Lithograph by Julius Bien, Central Park (Summer), 1865, via the Met Museum
Central Park, and all of its features and amenities, demonstrate the intent that designers Olmsted and Vaux had in 1858– to create a social space where New Yorkers could come together to connect with nature and enjoy arts and culture. The vast park contains listless hidden gems and art drops, but below are a few highlights.
The Literary Walk
The Mall and Literary Walk is the wide walking path lined with trees and benches, located mid-park at 66th St. The path is renowned– it was part of Olmsted and Vaux’s original design of the park. Today, it is populated with vendors, musicians, and artists, it has been featured in many of the famous movies filmed in Central Park, and the path leads the way to many favorite spaces in the park. It is named the "Literary Walk" because of the sculptures of notable writers that it features, including William Shakespeare, an art drop that can be found using the Trops Mobile app.
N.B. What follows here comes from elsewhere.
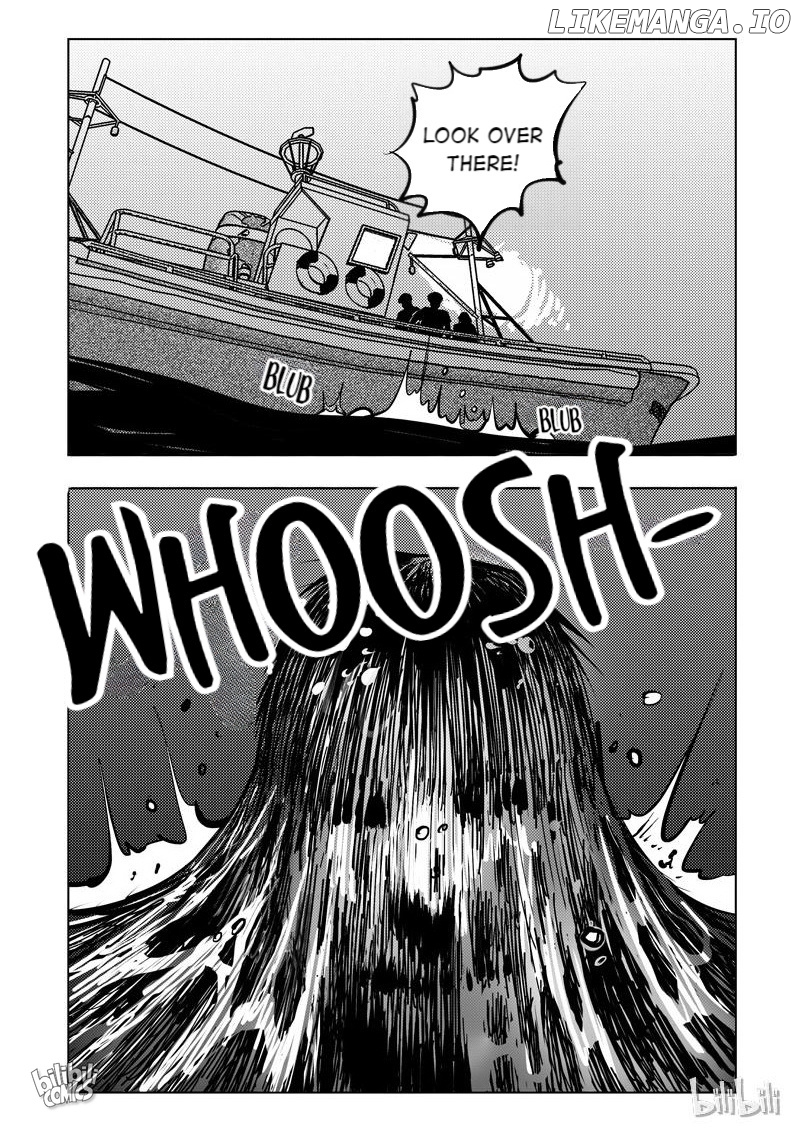 Peek - Manga chapter 110 - page 2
William Shakespeare, Photo by Avery Walker
Chuzo Tamotzu, Central Park South, 1935, via the Met Museum
The Metropolitan Museum of Art
Located on the edge of Central Park facing 5th Avenue, The Metropolitan Museum of Art is a significant and beloved institution of art history in New York City. The museum has one of the largest collections in the world, with a diverse and endlessly fascinating breadth of art works. Between the Met and Central Park’s Great Lawn sits the obelisk known as "Cleopatra’s Needle".
“The Indian Hunter”
“The Indian Hunter” by John Quincy Adams Ward, was first built on a smaller scale before it became the life size bronze monument that we see in Central Park today. The Met Museum describes some of the history surrounding the statue:
“With his statuette of a Native American youth and his dog, Ward answered the call for sculpture modeled by home-based, rather than expatriate, artists in a realist style. He imagined an Arcadian hunting scene, a stark contrast to the reservation system by then established to confine Indigenous peoples to U.S. government-specified tracts of land.”
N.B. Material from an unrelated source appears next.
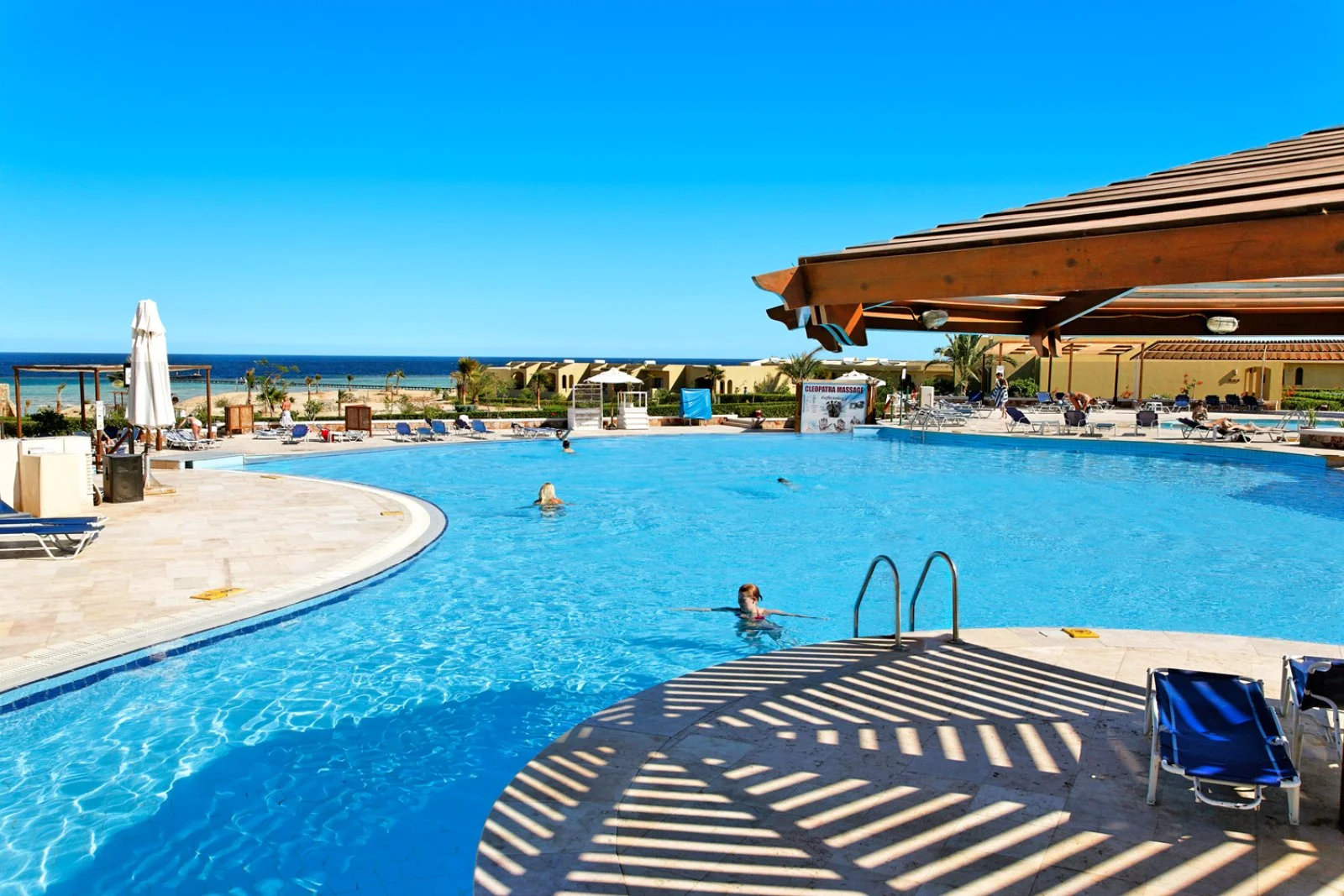 THREE CORNERS FAYROUZ PLAZA BEACH RESORT – Port Ghalib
John Quincy Adams Ward, The Indian Hunter, 1860, via the Met Museum
Anonymous, Central Park, Statue of The Indian Hunter, 1860, via the Met Museum
José de Creeft, Alice in Wonderland, 1959, Photo by Avery Walker
Many water features can be found in Central Park, and the Model Boat Pond at Conservatory Water is a popular favorite. Visitors can watch the races of miniature boats and yachts on the pond, and it is an ideal place for relaxing. The scenery also draws guests towards one of the most adored statues in Central Park, Alice in Wonderland.
The sculpture was donated by philanthopist and publisher George Delacorte, as a gift to the children of the city and in honor of his late wife, who loved literature and would read "Alice's Adventures in Wonderland" to their children.